Chap 4. Managing Code and Testing

As in [[chap-01#The DevSecOps SDLC]], we’ve known that Dev, Built, Test is three steps of the DevOps SDLC

Examining Development

For high-level programming design and architectural, you can look for

  • books published by O’Reilly.
  • books written by Marin Fowler

[!NOTE] > TCP/IP Illustrated series by W. Richard Stevens are good books for networking.

Be Intentional and Deliberate

Write code that

  • is easy to read and maintain.
  • doesn’t introduce technical debt.

note

Technical debt implied cost of future reworking required when choosing an easy but limited solution instead of a better approach that could take more time

question

Hard-coding values & magic numbers: What and when? %% TODO: Research this %%

Don’t Repeat Yourself

According to Wikipedia, Don’t repeat yourself” (DRY) is

In Pragmatic Programmer, DRY principle is “Every piece of knowledge must have a single, unambiguous, authoritative representation within a system.”

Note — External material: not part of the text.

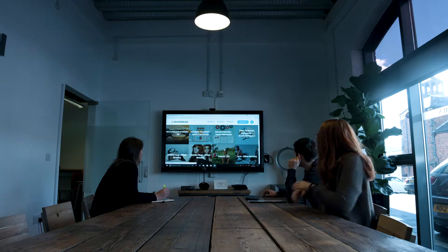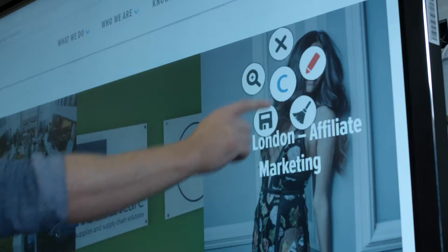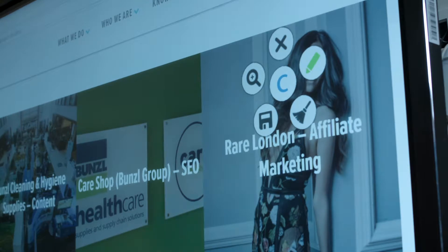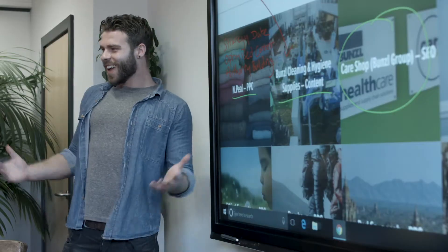Our clients like to see us using top-of-the-range technology, so they know that they're getting the best service from us. The technology that we've got is really interactive, so when we're holding client meetings or just internal staff meetings, it's really handy to have. We can annotate on the screens and on videos. Because it's visual, the clients really appreciate that we can show them what we're doing for them visually.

If the same value is used in different places,

  • Give it a name (don’t hard-coding it).
  • Instead of directly using the values, using the name.

caution

If the same value are in different places, ask whether they’re the same purpose, before DRY?

tip

Don’t apply DRY to everywhere and at any times.

Managing Source Code with Git

note

There are a lot of Versicion Control System (VSC): CSV, SVN, Mercurial, Git…

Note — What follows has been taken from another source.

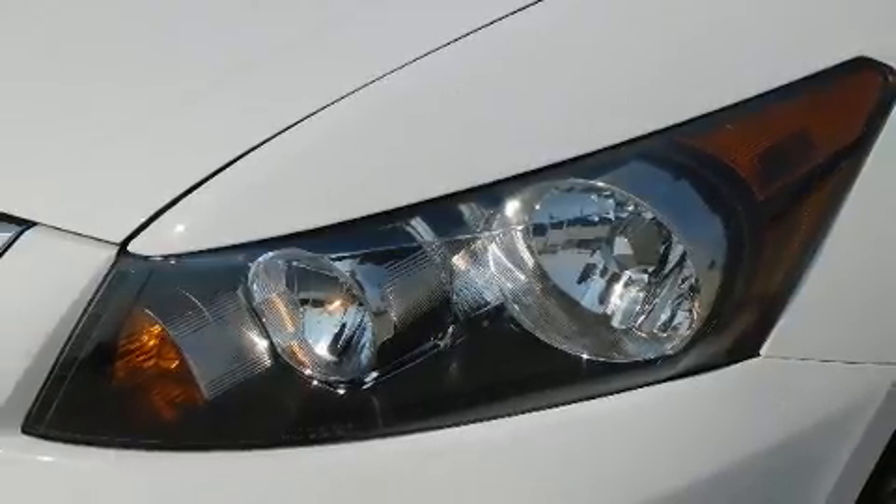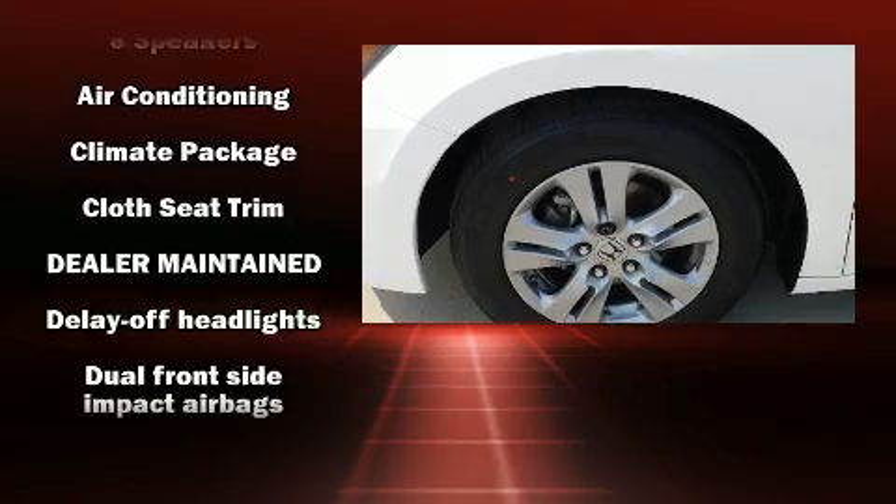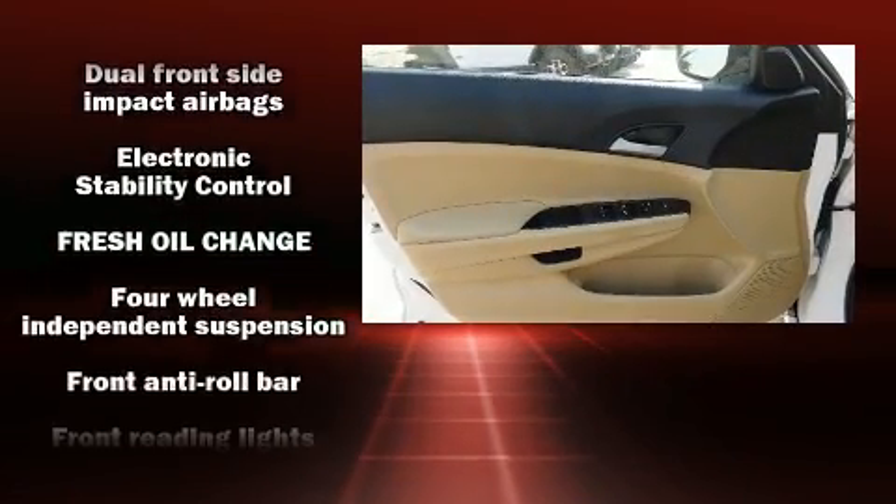All of the premium features expected of a Honda are offered, including variably intermittent wipers, remote keyless entry, and one-touch window functionality.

See https://en.wikipedia.org/wiki/Version_control#Version_control_software

note

VCS is aka is Source Code Management (SCM) system

Git is the most popular SCM for now (with the raising of open-source software and GitHub)

Git - a distributed version control system (DVCS)

Git is a distributed VCS:

  • clients don’t just check out the latest snapshot of the files; rather, they fully mirror the repository, including its full history.
  • every clone is really a full backup of all the data.

The distributed nature of Git allow a vast ranges of workflow for your project and your team:

  • Centralize workflow: one repository can accept code, everyone synchronizes their work with it e.g. Most closed source software use this workflow
  • Integration-Manager workflow:
    • each developer (contributor)
      • has write access to their own public repository & read access to everyone else’s.
      • send a request to the maintainer of the main repository
    • the maintainer - adds the contributor’s repository as a remote & merge locally - pushed merged changes to the main repository e.g. GitHub’s fork (feature) & open-source software
  • Dictator and Lieutenant workflow:
    • contributor
      • works on their topic branch
      • rebase on top of master
    • lieutenant: merges contributor’s topic branch into lieutenant’s master branch
    • dictator: - merges lieutenant’s master branch into dictator’s master branch - push dictator’s master branch to master remote repository e.g. Big project: Linux

Git on the server

To collaborate in Git, you’ll need a remote Git repository, which everyone can

  • have access to
  • push to, pull from

warning

Technically, you can push/pull changes directly to a repository on another Git client.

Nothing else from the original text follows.